Here is another point to highlight the impact of GC (Garbage Collection) delay of Go language on development of BFE . In 2014, the Go version was 1.3. The problem of GC delay was very serious. The GC delay of BFE reached 400ms, which was completely unacceptable. Therefore, the "multi process rotation" mechanism was introduced in BFE at that time to reduce the impact of GC delay on forwarding traffic (see Appendix 1 for details of this mechanism). The problem of GC delay was better solved in Go 1.8 released at the beginning of 2017. Most GC delays were reduced to less than 1ms, which could meet requirements. Therefore, the multi process rotation mechanism was removed from BFE in 2017.

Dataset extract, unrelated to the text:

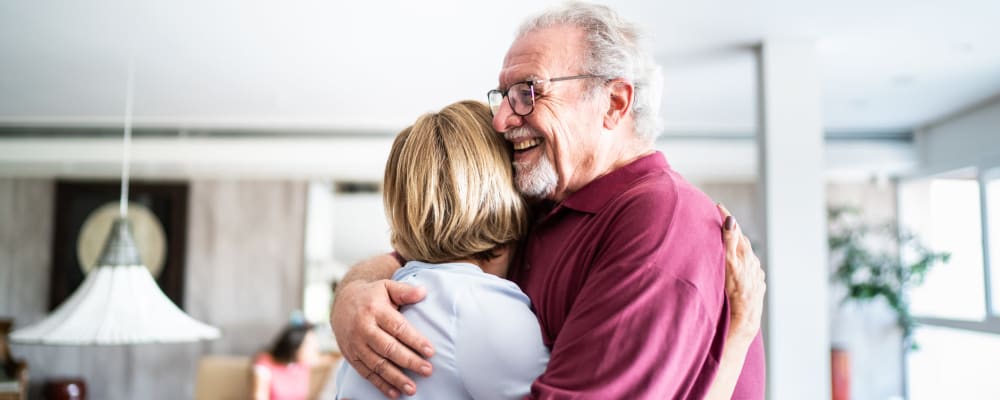 A man and woman embracing at a Ridgeline Management Company senior living property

Refactoring the BFE forwarding engine based on Go is not just a change of programming language. In the new version of BFE, there are the following design considerations:
-
Modify the forwarding model greatly
The concept of tenants is explicitly introduced into the engine, and tenants can be distinguished based on the hostname (tenants are also distinguished in the configuration of each functional module). In addition, based on the problems found in regular expressions before, we try to reduce the use of regular expressions, and design a "Condition Expression" mechanism.
-
Reduce the difficulty of configuration hot reload
Hot reload of configuration is an important requirement of load balancing software. Except for the scenario of upgrading executable programs, the software should be able to run continuously to ensure the continuity of traffic forwarding. The new version of BFE divides the configuration into "general configuration" and "dynamic configuration": the general configuration only takes effect when the program is started; Dynamic configuration can be dynamically loaded during program execution. The dynamic configuration uses JSON format, taking into account the needs of program processing and manual reading. In addition, the system provides a unified hot reload mechanism, which can be directly used when implementing new modules.
-
Enhance service status monitoring capability
When refactoring BFE, a web-monitor framework is also written: each BFE instance can show the internal execution status through a independent HTTP service inside; Adding a new internal state is very simple, requiring only one line of code.
-
Move large storage functions to the outside
In the original implementation, functions like "data dictionary" are also included in BFE. When such a module is started, it takes a long time to load dictionary data, which is not conducive to the fast start of BFE program. The quick start ability of BFE program is crucial to the stability of the system. When a failure occurs, the recovery time of a program that takes several minutes to start is much longer. Therefore, when refactoring BFE, the dictionary function is rewritten as an independent "dictionary service", which is called remotely by BFE. This ensures that BFE can restart in seconds.
The above contents will be described in detail in the following chapters.